__Source material__:
*** Begin section ***

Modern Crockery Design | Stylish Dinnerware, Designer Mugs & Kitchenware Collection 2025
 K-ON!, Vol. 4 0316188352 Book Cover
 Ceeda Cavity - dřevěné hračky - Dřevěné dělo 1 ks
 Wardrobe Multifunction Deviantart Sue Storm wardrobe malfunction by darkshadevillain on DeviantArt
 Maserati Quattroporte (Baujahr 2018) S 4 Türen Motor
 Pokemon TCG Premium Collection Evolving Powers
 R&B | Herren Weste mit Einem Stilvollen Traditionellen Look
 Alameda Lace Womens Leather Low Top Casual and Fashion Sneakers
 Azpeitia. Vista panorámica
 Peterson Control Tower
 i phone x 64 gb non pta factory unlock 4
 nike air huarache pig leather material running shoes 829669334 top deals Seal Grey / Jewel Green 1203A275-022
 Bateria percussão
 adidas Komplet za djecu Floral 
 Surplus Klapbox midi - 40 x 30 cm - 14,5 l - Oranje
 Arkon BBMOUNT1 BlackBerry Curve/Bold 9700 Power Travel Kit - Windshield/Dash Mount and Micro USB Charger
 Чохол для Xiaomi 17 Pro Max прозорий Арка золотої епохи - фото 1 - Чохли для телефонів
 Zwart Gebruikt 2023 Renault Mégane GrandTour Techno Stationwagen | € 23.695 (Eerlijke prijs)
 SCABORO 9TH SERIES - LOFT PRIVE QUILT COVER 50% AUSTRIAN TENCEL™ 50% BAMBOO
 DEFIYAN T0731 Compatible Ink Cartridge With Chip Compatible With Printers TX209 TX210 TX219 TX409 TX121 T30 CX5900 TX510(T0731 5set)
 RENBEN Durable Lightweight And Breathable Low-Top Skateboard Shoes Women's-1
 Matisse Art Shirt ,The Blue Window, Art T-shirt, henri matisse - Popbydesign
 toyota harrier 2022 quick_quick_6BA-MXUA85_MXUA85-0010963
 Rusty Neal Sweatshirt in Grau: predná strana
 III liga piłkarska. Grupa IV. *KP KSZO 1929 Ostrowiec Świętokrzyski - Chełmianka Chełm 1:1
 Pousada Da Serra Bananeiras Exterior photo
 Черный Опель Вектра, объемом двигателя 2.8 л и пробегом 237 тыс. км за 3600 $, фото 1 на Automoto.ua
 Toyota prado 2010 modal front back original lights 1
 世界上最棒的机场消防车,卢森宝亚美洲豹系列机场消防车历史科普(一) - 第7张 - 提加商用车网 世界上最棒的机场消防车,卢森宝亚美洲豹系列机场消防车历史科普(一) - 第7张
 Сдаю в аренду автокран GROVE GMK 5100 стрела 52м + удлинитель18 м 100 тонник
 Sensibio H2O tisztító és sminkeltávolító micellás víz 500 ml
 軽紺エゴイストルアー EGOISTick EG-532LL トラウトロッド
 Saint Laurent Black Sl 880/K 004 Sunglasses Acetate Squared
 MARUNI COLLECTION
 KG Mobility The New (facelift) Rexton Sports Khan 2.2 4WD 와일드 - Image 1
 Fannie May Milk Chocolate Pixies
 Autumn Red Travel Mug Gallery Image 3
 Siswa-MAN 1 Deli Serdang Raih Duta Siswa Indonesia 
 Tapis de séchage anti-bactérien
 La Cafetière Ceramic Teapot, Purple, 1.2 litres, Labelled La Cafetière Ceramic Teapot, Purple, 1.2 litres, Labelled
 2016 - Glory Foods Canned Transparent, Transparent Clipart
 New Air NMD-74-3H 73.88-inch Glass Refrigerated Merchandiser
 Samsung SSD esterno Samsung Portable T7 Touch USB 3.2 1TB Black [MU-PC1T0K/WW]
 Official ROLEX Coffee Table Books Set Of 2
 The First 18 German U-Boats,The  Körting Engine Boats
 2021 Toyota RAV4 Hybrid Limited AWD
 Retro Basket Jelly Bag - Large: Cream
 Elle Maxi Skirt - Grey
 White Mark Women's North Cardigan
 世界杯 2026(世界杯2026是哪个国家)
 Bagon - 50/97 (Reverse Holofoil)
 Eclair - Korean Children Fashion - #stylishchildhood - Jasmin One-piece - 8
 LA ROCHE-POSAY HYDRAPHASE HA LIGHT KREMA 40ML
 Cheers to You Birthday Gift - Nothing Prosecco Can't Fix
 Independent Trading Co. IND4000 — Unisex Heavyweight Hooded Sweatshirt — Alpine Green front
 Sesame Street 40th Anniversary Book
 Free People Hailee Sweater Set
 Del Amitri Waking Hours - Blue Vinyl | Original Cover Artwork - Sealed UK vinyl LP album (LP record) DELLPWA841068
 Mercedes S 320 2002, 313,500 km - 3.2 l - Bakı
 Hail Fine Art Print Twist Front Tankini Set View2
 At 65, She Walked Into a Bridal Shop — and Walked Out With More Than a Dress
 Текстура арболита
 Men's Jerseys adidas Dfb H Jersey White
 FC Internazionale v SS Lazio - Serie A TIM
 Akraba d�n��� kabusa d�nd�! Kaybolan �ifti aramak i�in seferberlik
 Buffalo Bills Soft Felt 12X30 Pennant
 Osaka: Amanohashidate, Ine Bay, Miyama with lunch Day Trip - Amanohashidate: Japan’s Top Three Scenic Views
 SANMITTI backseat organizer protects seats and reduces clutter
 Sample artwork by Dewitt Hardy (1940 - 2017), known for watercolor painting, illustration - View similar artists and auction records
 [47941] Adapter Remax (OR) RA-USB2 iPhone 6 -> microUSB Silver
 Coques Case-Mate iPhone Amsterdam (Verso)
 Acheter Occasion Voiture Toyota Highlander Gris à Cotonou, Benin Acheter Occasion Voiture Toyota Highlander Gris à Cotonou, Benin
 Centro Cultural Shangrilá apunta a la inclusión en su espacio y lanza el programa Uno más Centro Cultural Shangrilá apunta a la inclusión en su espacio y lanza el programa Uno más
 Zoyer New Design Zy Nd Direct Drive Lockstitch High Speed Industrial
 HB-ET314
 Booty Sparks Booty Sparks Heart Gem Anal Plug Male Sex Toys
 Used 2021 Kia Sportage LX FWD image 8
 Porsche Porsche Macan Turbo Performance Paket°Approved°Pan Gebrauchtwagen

*** End section ***

__Task directions__: Every line from the top of the material above through the line holding "世界上最棒的机场消防车,卢森宝亚美洲豹系列机场消防车历史科普(一) - 第7张 - 提加商用车网" should be reproduced word for word, and nothing beyond it.

__Exercise answer__:
Modern Crockery Design | Stylish Dinnerware, Designer Mugs & Kitchenware Collection 2025
 K-ON!, Vol. 4 0316188352 Book Cover
 Ceeda Cavity - dřevěné hračky - Dřevěné dělo 1 ks
 Wardrobe Multifunction Deviantart Sue Storm wardrobe malfunction by darkshadevillain on DeviantArt
 Maserati Quattroporte (Baujahr 2018) S 4 Türen Motor
 Pokemon TCG Premium Collection Evolving Powers
 R&B | Herren Weste mit Einem Stilvollen Traditionellen Look
 Alameda Lace Womens Leather Low Top Casual and Fashion Sneakers
 Azpeitia. Vista panorámica
 Peterson Control Tower
 i phone x 64 gb non pta factory unlock 4
 nike air huarache pig leather material running shoes 829669334 top deals Seal Grey / Jewel Green 1203A275-022
 Bateria percussão
 adidas Komplet za djecu Floral 
 Surplus Klapbox midi - 40 x 30 cm - 14,5 l - Oranje
 Arkon BBMOUNT1 BlackBerry Curve/Bold 9700 Power Travel Kit - Windshield/Dash Mount and Micro USB Charger
 Чохол для Xiaomi 17 Pro Max прозорий Арка золотої епохи - фото 1 - Чохли для телефонів
 Zwart Gebruikt 2023 Renault Mégane GrandTour Techno Stationwagen | € 23.695 (Eerlijke prijs)
 SCABORO 9TH SERIES - LOFT PRIVE QUILT COVER 50% AUSTRIAN TENCEL™ 50% BAMBOO
 DEFIYAN T0731 Compatible Ink Cartridge With Chip Compatible With Printers TX209 TX210 TX219 TX409 TX121 T30 CX5900 TX510(T0731 5set)
 RENBEN Durable Lightweight And Breathable Low-Top Skateboard Shoes Women's-1
 Matisse Art Shirt ,The Blue Window, Art T-shirt, henri matisse - Popbydesign
 toyota harrier 2022 quick_quick_6BA-MXUA85_MXUA85-0010963
 Rusty Neal Sweatshirt in Grau: predná strana
 III liga piłkarska. Grupa IV. *KP KSZO 1929 Ostrowiec Świętokrzyski - Chełmianka Chełm 1:1
 Pousada Da Serra Bananeiras Exterior photo
 Черный Опель Вектра, объемом двигателя 2.8 л и пробегом 237 тыс. км за 3600 $, фото 1 на Automoto.ua
 Toyota prado 2010 modal front back original lights 1
 世界上最棒的机场消防车,卢森宝亚美洲豹系列机场消防车历史科普(一) - 第7张 - 提加商用车网 世界上最棒的机场消防车,卢森宝亚美洲豹系列机场消防车历史科普(一) - 第7张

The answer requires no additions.